Merci de m’avoir éclairé sur la réalité de ces journaux indépendants, En fait, tout est indépendant de leurs volontés! J’ai visité récemment un très petit village à cheval entre les wilayas de Médéa et Bouira. J’étais si choqué que j’ai écrit un petit article en deux langues arabe et français que j’ai fait parvenir aux principaux journaux algériens arabophones comme francophones, aucun n’a osé le faire publier!! Je vais l’envoyer au Matin d’Algérie, j’espère qu’il le publiera.
Je comprends mieux l’hallucinante et UNANIME absurde position de tous ces journaux sur le soutien au Polisario marionette au main de la DRS ex securite militaire du pouvoir algerien. Un Polisario qui veut creer une REPUBLIQUE ARABE SAHRAOUIE ET DEMOCRATIQUE DE 120 000 habitants!
Pendant les années 70 nous avions fait l’économie de salaires de parlementaires oui oui de maires sans autorités de journaux relatant des libertés non consommables.Notre vénéré Président nommait de la même manière qu’aujourd’hui du planton au ministre couché.Boumédién s’accommodait même de minisres nommés pour bien vivre leur jeunesse même si ce ministre créait des scandales dans les Nights de stocklom.Notre peésident rédacteur en chef du seul et unique quotidien 3El Moudjahed"
se permettait le luxe de nous rappeler que nous étions libres de:
-Chanter les louanges de notre bienfaiteur
-Remercier le saigneur de nommer nos policiers, nos
juges, nos préfets et tous ceux qui se servent pour nous.
-de dipatcher les recettes de l’état en fonction de notre asservissement.
En fait nous étions uniques et le nombre UN se
retrouvait dans la vie de chaque jour.UN Président UN Parti UNe Langue UNe Ethnie UN Journal.Les mauvaises langues diront que nous reproduisons le même shéma "Que la pluralité est virtuelle"Les policiers sont au service du Président, les juges ont un portable et ils n’ont pas inérêt à s’en défaire
sinon il leur arriverait le même destin que la chèvre de monsieur Seguin qui s’est détaché la nuit.

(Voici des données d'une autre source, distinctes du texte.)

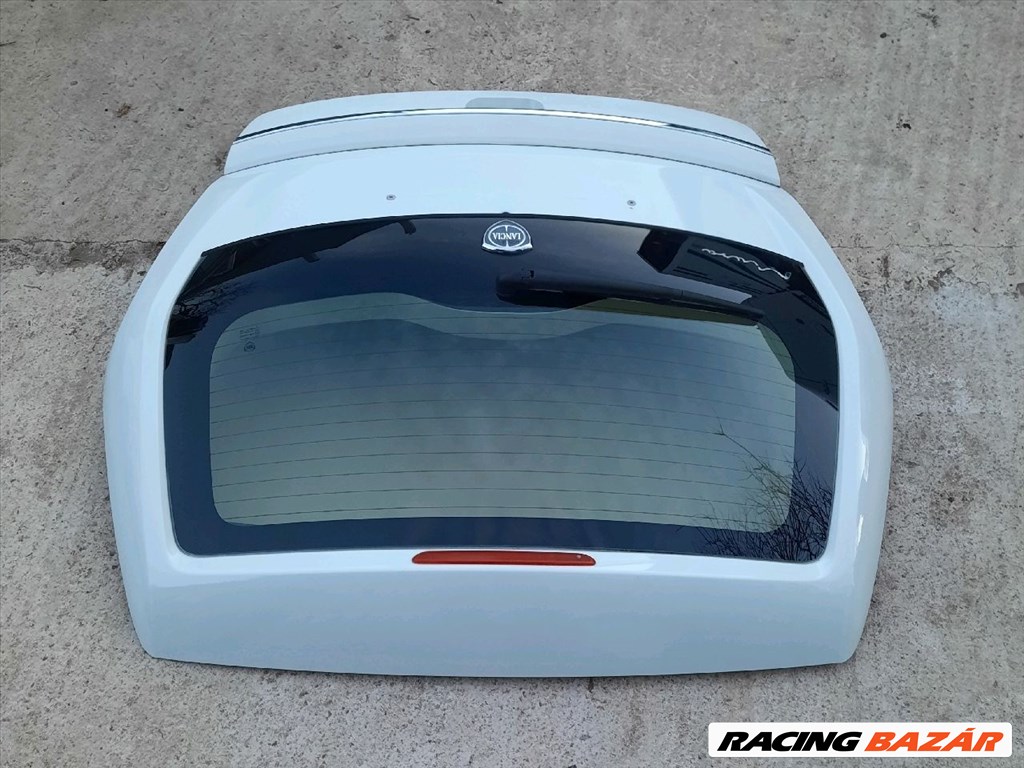 Lancia Musa csomagtérajtó részeivel 993 3. kép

Les jounaux faute de pub s’éclipseront.Avant on n’avait pas le droit de parler maintenant on peu écrire en Français au vu
du nombre minime de lecteurs et à consommer
à l’extérieur.
Depuit les horizons, l’actualité en une vingtaine de pages, je n’ai plus jamais regardé un quotidien sauf de passage ou les premiere pages, maitenant j’ai beaucoup de nostalgie pour la politique du parti unique et de l’ancien systeme economique, à Regarder la une d’EL KHABAR ou d’EL CHOUROUK çà donne à vomir, aujourd’hui on exerce le nomadisme mediatique, ce n’est plus l’intox des annees 80 et 90;mais c’est vraiment honteux pour un pays comme la notre qui a connu des grands noms dans le domaine du journalisme.